Chikungunya virüsünün en büyük tehlikesi, ağrı ve şiddetli eklem iltihabıdır. Bu belirtiler, enfeksiyondan sonra birkaç gün içinde ortaya çıkmakta ve bazen aylarca, hatta yıllarca sürebilen kronik eklem ağrılarında devam edebilmektedir. Çoğu insan bu durumu yüksek ateş, baş ağrısı, kas ağrısı ve döküntülerle birlikte yaşayarak tedavi altına alınması gerekmektedir. Henüz aşısı ya da kesin bir tedavi yöntemi bulunmayan Chikungunya, hastaların çoğu için sadece semptomatik tedavi ile kontrol altına alınabilmektedir.
Chikungunya virüsü, dünya genelinde 100'den fazla ülkede tespit edilmiştir. Özellikle 2000'lerin başlangıcından itibaren Hindistan, Endonezya, Kenya gibi ülkelerde büyük salgınlara yol açmıştır. Güney Asya’da, Karayipler ve Güney Amerika gibi bölgelerde de yüksek enfeksiyon oranları görülmektedir. 2014’te Amerika Birleşik Devletleri’nin bazı güney eyaletlerinde vaka sayısında artış gözlemlenmiştir. Son yıllarda Avrupa’da da vakaların arttığı bildirilmiştir; Fransa, İtalya ve İspanya gibi Akdeniz ülkelerinde de Chikungunya virüsüne rastlanmaktadır. Bunun en büyük nedenlerinden biri, iklim değişikliğinin yarattığı ısınmanın, sivrisineklerin yaşam alanlarında genişleme sağlamasıdır.
Türkiye’de ise, yıllar içinde bazı vakalar tespit edilmiştir. Ancak, enfeksiyonun yaygınlığı 2020'li yıllar itibariyla artış göstermektedir. Ayrıca, seyahat nedeniyle yurtdışında enfekte olmuş bireylerin geri dönmesiyle birlikte, yurt içindeki vakaların sayısı da dikkat çekici bir hâl almıştır. Özellikle yaz aylarında artan sıcaklıklar, bu sivrisinek türlerinin çoğalmasına zemin hazırlar ve dolayısıyla Chikungunya virüsünün de yayılmasına katkıda bulunmaktadır.

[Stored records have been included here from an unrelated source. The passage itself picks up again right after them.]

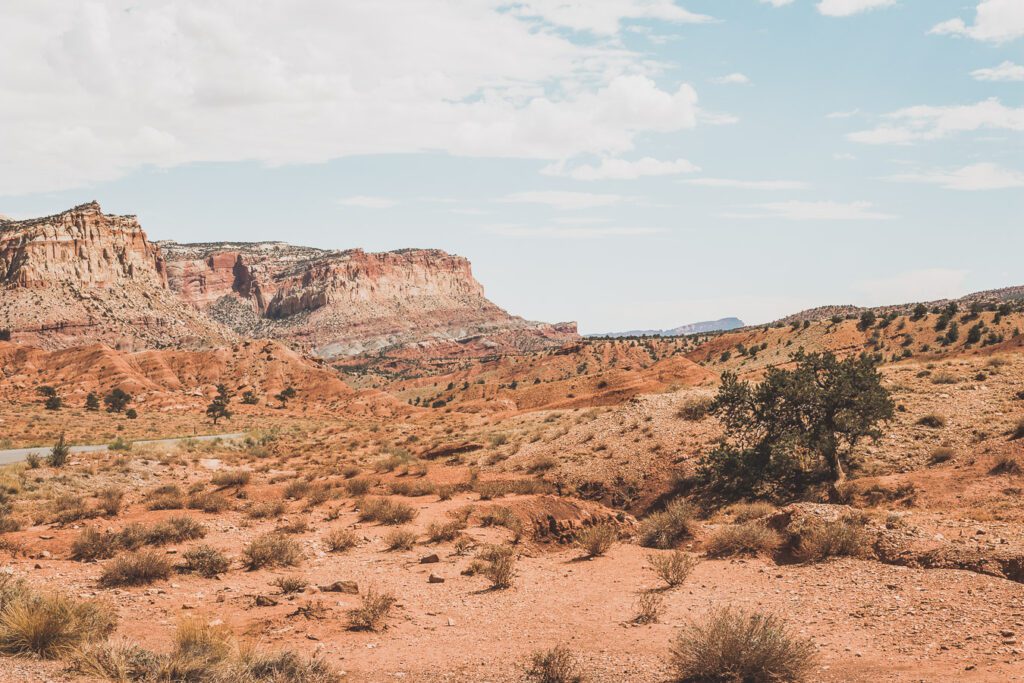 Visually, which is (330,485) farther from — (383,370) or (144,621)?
(383,370)

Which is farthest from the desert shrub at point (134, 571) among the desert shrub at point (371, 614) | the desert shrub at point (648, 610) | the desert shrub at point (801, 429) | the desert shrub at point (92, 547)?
the desert shrub at point (801, 429)

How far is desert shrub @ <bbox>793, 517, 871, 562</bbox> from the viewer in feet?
45.1

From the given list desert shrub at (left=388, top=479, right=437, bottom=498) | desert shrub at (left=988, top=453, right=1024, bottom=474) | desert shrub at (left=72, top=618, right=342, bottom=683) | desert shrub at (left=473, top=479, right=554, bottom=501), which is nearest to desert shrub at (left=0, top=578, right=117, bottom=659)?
desert shrub at (left=72, top=618, right=342, bottom=683)

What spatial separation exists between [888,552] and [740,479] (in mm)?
9042

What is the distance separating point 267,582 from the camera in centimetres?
1425

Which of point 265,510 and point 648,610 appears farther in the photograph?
point 265,510

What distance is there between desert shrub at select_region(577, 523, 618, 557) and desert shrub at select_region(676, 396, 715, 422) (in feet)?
44.5

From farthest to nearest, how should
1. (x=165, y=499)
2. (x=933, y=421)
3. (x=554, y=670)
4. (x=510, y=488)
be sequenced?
(x=510, y=488) < (x=933, y=421) < (x=165, y=499) < (x=554, y=670)

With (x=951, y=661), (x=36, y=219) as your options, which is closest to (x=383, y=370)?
(x=36, y=219)

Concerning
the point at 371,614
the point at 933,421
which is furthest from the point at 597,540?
the point at 933,421

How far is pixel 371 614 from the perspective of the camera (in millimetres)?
11570

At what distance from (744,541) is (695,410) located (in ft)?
49.1

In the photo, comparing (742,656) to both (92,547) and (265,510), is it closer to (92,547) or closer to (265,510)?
(92,547)

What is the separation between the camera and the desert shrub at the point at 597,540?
53.9 ft
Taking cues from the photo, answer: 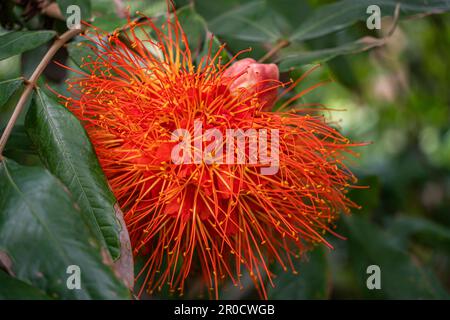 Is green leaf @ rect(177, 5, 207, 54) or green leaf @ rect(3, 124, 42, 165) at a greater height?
green leaf @ rect(177, 5, 207, 54)

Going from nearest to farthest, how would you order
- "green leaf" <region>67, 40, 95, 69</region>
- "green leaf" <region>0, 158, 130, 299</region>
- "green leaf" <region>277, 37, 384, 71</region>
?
"green leaf" <region>0, 158, 130, 299</region> < "green leaf" <region>67, 40, 95, 69</region> < "green leaf" <region>277, 37, 384, 71</region>

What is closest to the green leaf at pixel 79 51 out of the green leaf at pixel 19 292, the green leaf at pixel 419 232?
the green leaf at pixel 19 292

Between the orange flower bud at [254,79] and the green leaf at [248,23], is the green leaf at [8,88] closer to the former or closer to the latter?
the orange flower bud at [254,79]

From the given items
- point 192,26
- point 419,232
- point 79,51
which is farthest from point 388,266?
point 79,51

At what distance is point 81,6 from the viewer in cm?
129

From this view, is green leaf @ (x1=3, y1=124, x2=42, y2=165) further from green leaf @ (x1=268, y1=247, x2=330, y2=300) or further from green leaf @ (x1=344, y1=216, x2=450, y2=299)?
green leaf @ (x1=344, y1=216, x2=450, y2=299)

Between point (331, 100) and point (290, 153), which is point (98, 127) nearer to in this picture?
point (290, 153)

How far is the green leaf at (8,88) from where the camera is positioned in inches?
41.9

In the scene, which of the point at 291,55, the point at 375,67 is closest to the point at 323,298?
the point at 291,55

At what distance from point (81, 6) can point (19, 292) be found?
0.74 meters

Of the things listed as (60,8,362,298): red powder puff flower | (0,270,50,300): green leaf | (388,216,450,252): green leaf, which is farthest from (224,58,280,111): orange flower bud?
(388,216,450,252): green leaf

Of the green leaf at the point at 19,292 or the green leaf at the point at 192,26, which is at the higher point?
the green leaf at the point at 192,26

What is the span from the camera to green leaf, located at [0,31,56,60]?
111 centimetres

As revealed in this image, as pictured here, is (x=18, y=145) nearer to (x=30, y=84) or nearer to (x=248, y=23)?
(x=30, y=84) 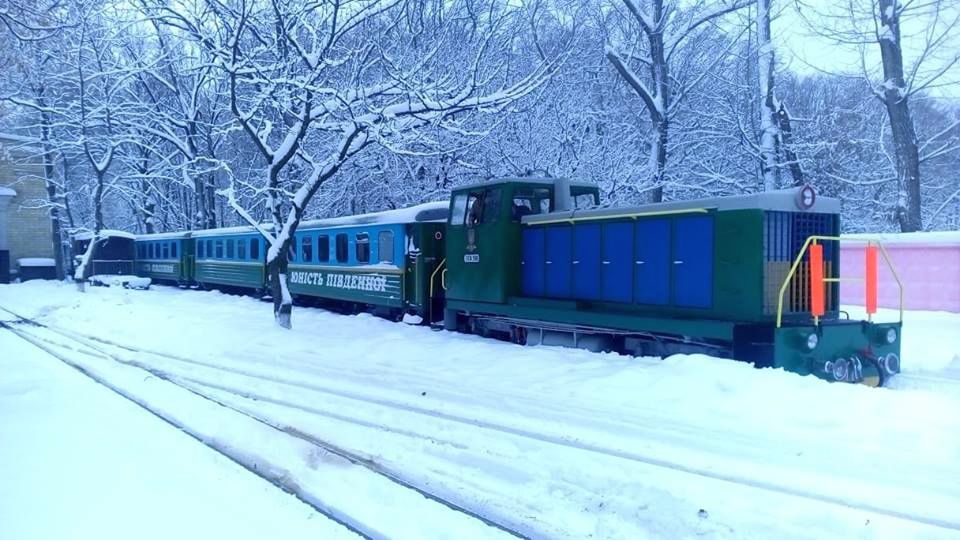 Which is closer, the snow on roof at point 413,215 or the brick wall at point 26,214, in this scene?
the snow on roof at point 413,215

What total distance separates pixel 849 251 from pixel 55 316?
21.5m

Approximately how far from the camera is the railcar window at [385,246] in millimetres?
17578

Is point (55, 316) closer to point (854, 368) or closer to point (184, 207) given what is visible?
point (854, 368)

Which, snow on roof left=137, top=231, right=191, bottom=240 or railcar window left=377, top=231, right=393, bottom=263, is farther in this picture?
snow on roof left=137, top=231, right=191, bottom=240

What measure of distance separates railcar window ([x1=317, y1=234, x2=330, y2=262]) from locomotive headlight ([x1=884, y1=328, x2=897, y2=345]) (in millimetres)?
14866

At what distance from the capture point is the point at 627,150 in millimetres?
24000

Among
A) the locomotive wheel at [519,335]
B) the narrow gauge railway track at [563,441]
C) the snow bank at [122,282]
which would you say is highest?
the snow bank at [122,282]

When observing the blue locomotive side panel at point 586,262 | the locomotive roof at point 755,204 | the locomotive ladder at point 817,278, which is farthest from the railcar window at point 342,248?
the locomotive ladder at point 817,278

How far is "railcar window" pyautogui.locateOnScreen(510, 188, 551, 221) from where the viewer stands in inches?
523

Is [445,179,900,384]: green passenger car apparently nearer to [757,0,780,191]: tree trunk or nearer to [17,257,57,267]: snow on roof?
[757,0,780,191]: tree trunk

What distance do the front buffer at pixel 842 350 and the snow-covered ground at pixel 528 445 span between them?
48cm

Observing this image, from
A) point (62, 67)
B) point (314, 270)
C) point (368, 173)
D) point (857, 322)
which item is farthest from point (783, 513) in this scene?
point (62, 67)

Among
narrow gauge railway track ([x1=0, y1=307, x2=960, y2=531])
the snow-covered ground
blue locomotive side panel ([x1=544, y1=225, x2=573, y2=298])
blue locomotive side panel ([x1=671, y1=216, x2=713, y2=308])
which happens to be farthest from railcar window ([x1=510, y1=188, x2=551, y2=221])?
narrow gauge railway track ([x1=0, y1=307, x2=960, y2=531])

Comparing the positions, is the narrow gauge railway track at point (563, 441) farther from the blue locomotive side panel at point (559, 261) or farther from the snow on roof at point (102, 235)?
the snow on roof at point (102, 235) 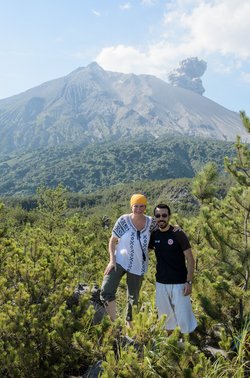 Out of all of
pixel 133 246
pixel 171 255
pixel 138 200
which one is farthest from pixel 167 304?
pixel 138 200

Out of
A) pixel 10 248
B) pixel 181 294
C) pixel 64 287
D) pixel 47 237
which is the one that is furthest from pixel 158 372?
pixel 47 237

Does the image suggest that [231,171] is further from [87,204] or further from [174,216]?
[87,204]

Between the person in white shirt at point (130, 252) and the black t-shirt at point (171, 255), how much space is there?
27cm

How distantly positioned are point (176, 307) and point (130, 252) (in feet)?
3.29

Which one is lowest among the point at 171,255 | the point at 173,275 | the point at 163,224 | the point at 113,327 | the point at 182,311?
the point at 182,311

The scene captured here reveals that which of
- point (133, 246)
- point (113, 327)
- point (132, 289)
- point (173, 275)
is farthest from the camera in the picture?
point (132, 289)

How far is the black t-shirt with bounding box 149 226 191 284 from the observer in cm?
534

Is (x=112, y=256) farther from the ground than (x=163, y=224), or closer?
closer

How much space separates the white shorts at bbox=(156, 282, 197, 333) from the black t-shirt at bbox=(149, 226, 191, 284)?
0.11 metres

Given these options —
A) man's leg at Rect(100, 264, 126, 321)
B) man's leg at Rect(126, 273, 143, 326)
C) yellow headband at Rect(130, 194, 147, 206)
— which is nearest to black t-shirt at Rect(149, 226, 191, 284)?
man's leg at Rect(126, 273, 143, 326)

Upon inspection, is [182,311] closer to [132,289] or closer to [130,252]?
[132,289]

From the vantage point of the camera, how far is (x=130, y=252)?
563cm

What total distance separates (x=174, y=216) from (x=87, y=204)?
142440 millimetres

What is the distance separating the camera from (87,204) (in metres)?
150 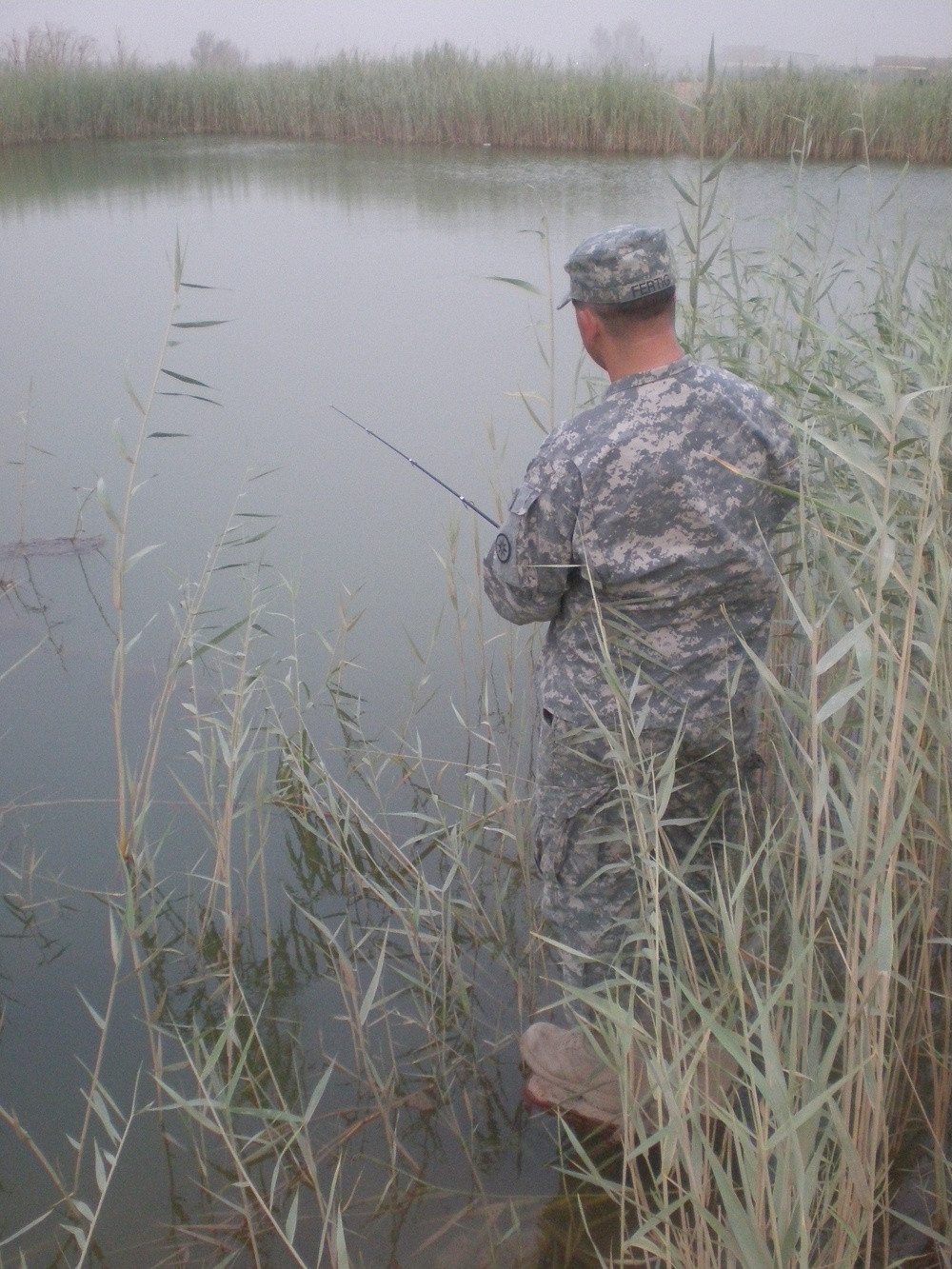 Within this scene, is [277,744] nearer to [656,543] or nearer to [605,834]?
[605,834]

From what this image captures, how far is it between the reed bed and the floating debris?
645 cm

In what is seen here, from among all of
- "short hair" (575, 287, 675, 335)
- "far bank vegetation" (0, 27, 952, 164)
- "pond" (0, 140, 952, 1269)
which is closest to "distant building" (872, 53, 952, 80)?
"far bank vegetation" (0, 27, 952, 164)

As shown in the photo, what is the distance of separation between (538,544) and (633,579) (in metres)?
0.16

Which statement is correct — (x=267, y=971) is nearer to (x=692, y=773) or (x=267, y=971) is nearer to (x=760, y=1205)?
(x=692, y=773)

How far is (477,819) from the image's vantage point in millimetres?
2391

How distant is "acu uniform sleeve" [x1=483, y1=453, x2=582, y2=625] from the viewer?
1710 mm

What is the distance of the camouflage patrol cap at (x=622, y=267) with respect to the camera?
1.64 meters

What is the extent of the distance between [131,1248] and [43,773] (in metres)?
1.52

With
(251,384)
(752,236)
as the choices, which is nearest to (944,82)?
(752,236)

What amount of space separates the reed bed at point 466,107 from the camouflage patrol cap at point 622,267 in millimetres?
8038

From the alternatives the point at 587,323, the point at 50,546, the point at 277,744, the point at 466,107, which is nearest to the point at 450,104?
the point at 466,107

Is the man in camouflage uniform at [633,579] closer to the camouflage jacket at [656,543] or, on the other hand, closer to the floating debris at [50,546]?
the camouflage jacket at [656,543]

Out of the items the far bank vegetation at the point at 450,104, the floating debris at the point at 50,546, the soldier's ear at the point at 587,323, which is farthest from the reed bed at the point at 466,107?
the soldier's ear at the point at 587,323

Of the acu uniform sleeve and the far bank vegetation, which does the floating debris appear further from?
the far bank vegetation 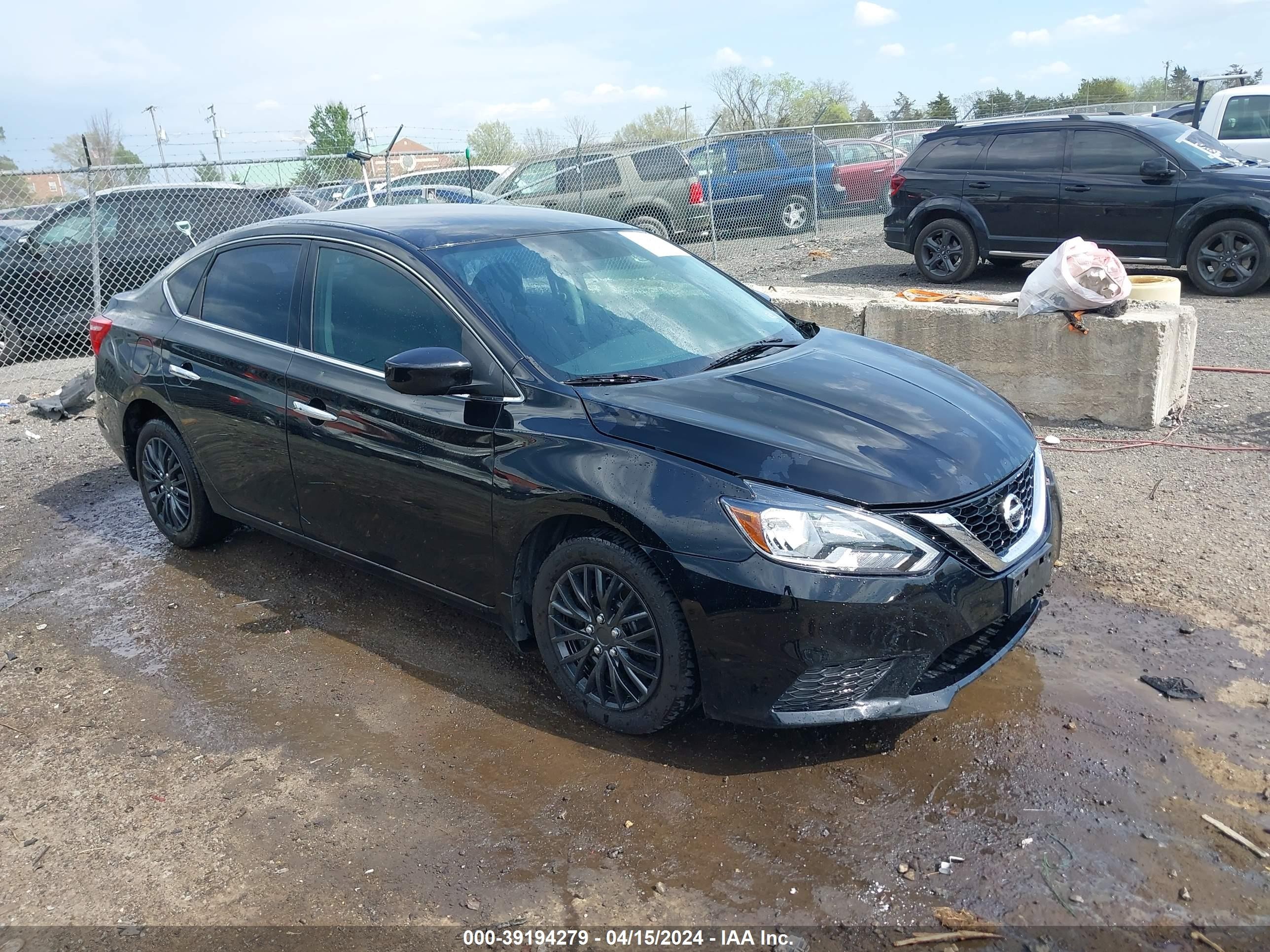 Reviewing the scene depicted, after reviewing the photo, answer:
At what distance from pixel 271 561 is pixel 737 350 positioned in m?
2.78

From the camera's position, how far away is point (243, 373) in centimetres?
460

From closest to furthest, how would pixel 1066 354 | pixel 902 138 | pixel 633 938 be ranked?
pixel 633 938
pixel 1066 354
pixel 902 138

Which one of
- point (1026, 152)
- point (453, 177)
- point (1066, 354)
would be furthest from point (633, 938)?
point (453, 177)

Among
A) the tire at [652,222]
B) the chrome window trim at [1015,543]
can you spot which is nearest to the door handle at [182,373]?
the chrome window trim at [1015,543]

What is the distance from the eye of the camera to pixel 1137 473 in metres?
5.96

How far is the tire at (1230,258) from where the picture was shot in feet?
34.8

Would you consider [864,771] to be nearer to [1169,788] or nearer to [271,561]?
[1169,788]

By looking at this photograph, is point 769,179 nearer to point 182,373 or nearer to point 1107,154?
point 1107,154

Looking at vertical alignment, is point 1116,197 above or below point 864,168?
below

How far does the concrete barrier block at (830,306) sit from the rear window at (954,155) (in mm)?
4955

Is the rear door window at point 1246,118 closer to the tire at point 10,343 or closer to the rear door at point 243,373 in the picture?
the rear door at point 243,373

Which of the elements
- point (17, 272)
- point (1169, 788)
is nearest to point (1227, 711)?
point (1169, 788)

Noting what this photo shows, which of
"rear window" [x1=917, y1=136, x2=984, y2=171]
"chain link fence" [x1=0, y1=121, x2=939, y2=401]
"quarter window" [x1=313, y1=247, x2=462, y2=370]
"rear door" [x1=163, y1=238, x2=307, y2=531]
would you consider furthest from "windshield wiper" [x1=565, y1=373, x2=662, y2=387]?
"rear window" [x1=917, y1=136, x2=984, y2=171]

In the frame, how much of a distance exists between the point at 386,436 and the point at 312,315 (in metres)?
0.79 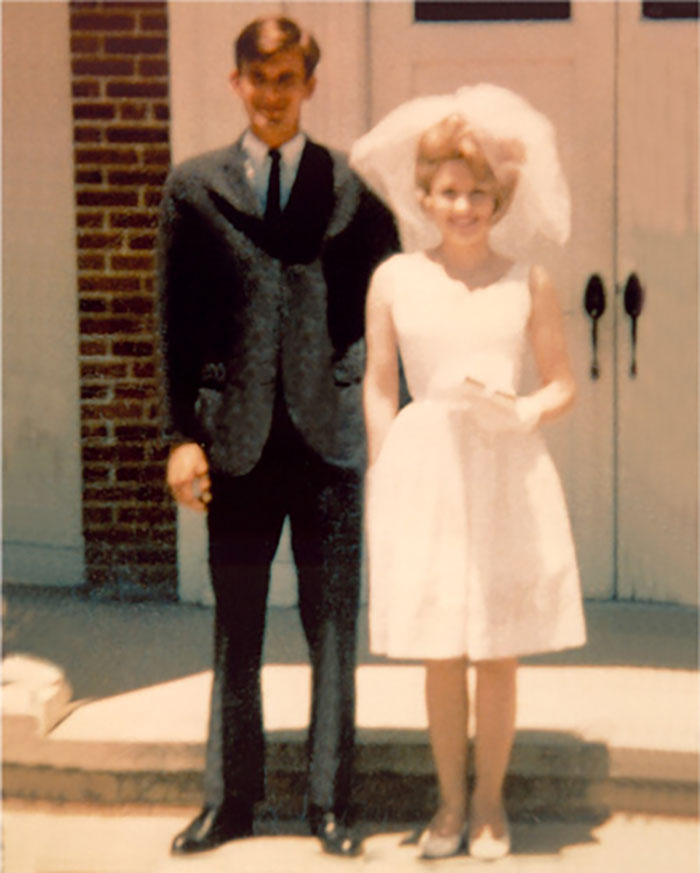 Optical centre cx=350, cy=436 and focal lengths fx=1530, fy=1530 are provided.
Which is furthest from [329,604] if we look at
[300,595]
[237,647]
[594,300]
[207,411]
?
[594,300]

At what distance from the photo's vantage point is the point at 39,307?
19.7 feet

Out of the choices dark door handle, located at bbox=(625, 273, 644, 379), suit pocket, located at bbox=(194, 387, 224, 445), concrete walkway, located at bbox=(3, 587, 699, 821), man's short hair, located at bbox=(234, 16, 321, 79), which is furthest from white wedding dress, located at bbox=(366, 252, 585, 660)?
dark door handle, located at bbox=(625, 273, 644, 379)

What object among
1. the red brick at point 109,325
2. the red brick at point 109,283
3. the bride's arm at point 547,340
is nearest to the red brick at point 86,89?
the red brick at point 109,283

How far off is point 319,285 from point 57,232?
2639mm

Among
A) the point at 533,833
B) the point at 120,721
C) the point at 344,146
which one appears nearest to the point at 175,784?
the point at 120,721

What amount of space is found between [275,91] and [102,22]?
95.8 inches

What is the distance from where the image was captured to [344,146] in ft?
17.5

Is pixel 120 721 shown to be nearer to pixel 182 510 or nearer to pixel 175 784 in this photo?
pixel 175 784

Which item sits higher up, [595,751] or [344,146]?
[344,146]

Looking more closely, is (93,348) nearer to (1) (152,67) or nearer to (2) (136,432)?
(2) (136,432)

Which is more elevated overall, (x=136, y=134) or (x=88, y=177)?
(x=136, y=134)

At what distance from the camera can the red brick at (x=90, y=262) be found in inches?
226

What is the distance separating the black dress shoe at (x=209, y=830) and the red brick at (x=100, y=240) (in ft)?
8.59

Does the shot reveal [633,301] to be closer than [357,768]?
No
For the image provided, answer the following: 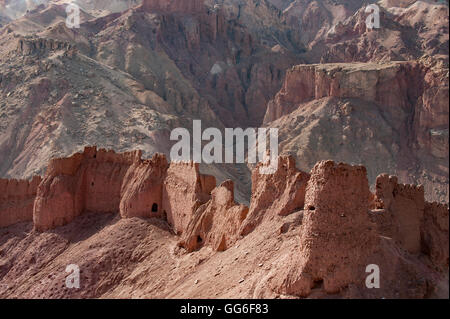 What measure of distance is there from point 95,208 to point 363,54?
70855mm

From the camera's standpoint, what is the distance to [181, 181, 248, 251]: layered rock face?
2481cm

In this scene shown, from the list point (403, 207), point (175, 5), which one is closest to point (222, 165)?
point (175, 5)

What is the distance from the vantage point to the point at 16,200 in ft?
115

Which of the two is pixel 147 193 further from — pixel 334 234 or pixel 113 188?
pixel 334 234

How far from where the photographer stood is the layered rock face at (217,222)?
24812 millimetres

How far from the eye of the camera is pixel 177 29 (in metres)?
115

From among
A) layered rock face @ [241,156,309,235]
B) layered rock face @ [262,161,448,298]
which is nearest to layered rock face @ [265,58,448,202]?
layered rock face @ [241,156,309,235]

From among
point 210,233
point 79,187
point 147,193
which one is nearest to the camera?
point 210,233

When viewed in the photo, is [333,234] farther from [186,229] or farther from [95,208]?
[95,208]

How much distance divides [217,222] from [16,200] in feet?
45.5

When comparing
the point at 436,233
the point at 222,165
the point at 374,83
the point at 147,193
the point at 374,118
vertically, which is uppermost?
the point at 374,83

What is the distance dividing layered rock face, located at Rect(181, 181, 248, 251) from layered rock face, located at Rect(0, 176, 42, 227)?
438 inches

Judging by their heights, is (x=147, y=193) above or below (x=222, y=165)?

Virüsün belirtileri ilk olarak 2-12 gün içinde kendini göstermeye başlar. En yaygın belirtiler arasında yüksek ateş, eklem ağrıları, baş ağrısı, kas ağrıları, halsizlik ve döküntüler yer alır. Ayrıca bazı bireylerde sindirim sistemine ait sorunlar, gözlerde kızarıklık gibi ek belirtiler de gözlemlenebilmektedir. Ancak, genellikle hastalığın seyrinin kendiliğinden düzeldiği ve belirtilerin ortalama 1-2 hafta içerisinde geçtiği görülmektedir.
Chikungunya virüsüne karşı alınacak önlemler arasında, sivrisineklerin üremesini engelleyen tedbirler almak, kişisel koruyucu kıyafetler giymek, sivrisinek repelenleri kullanmak yer almaktadır. Özellikle su birikintilerinin oluştuğu yerlerde dikkatli olmak, bu virüsün yayılmasını engellemek için son derece önemlidir. Ayrıca, virüsle ilgili farkındalığın artırılması ve sağlık sistemlerinin bu konuda daha donanımlı olması da elzemdir.
Sonuç olarak, Chikungunya virüsü dünya genelinde önemli bir sağlık sorunu haline gelmiştir. Belirtileri genellikle hafif olmakla birlikte, bazı bireylerde uzun süre akut eklem ağrıları devam edebilmektedir. Bu nedenle, virüsün yayılma alanlarını ve risk faktörlerini dikkatle takip etmek, bireylerin sağlıklarını korumalarına yardımcı olacaktır. Sağlıklı günler dileriz!